:: DATA BELOW

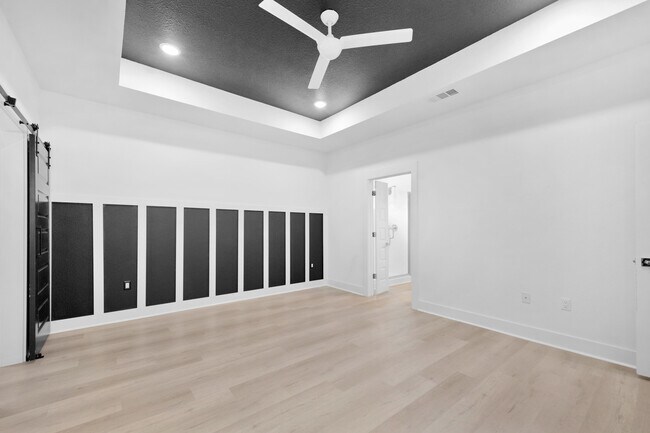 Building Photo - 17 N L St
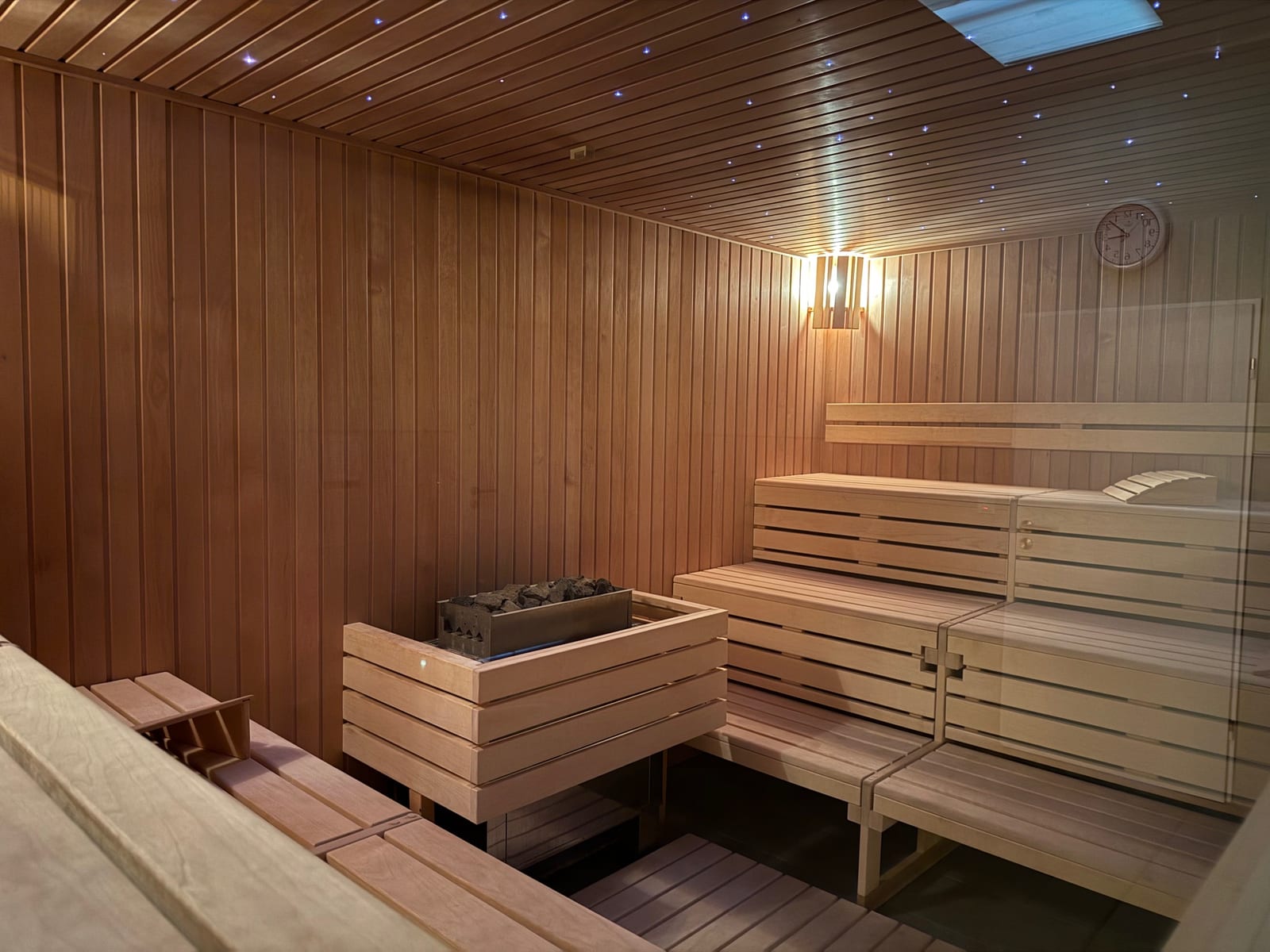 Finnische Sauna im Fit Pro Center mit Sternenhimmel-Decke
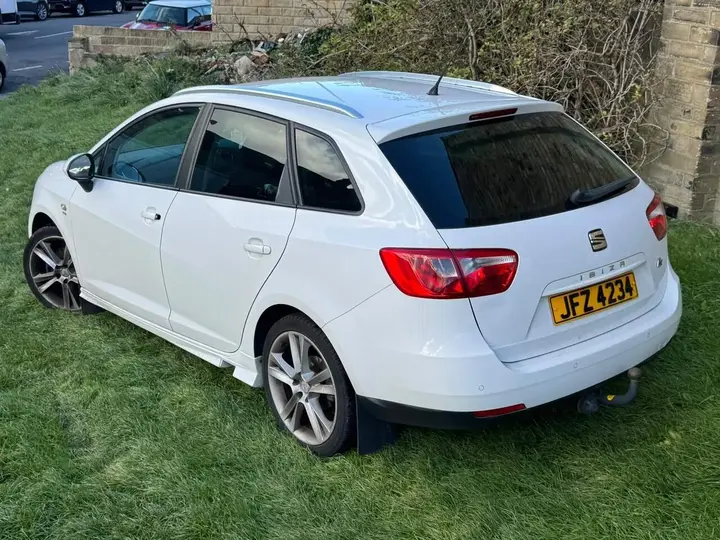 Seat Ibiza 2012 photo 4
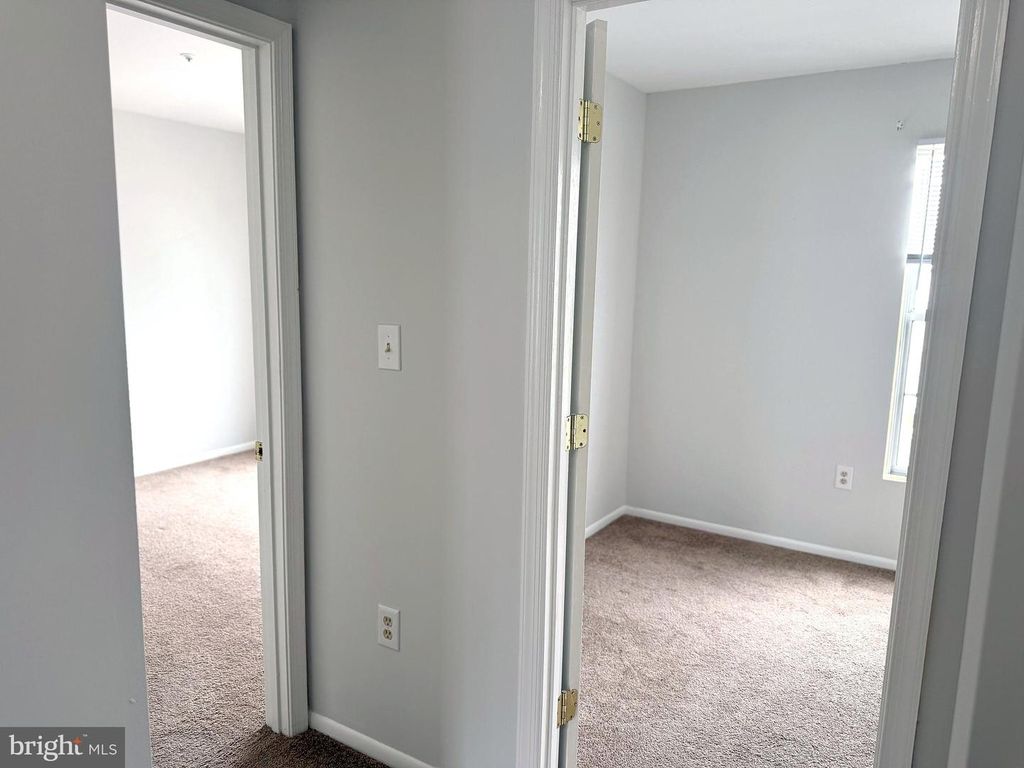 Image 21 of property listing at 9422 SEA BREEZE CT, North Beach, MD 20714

::::

Except for the pictures, give all the material above again verbatim.

 Building Photo - 17 N L St
 Finnische Sauna im Fit Pro Center mit Sternenhimmel-Decke
 Seat Ibiza 2012 photo 4
 Image 21 of property listing at 9422 SEA BREEZE CT, North Beach, MD 20714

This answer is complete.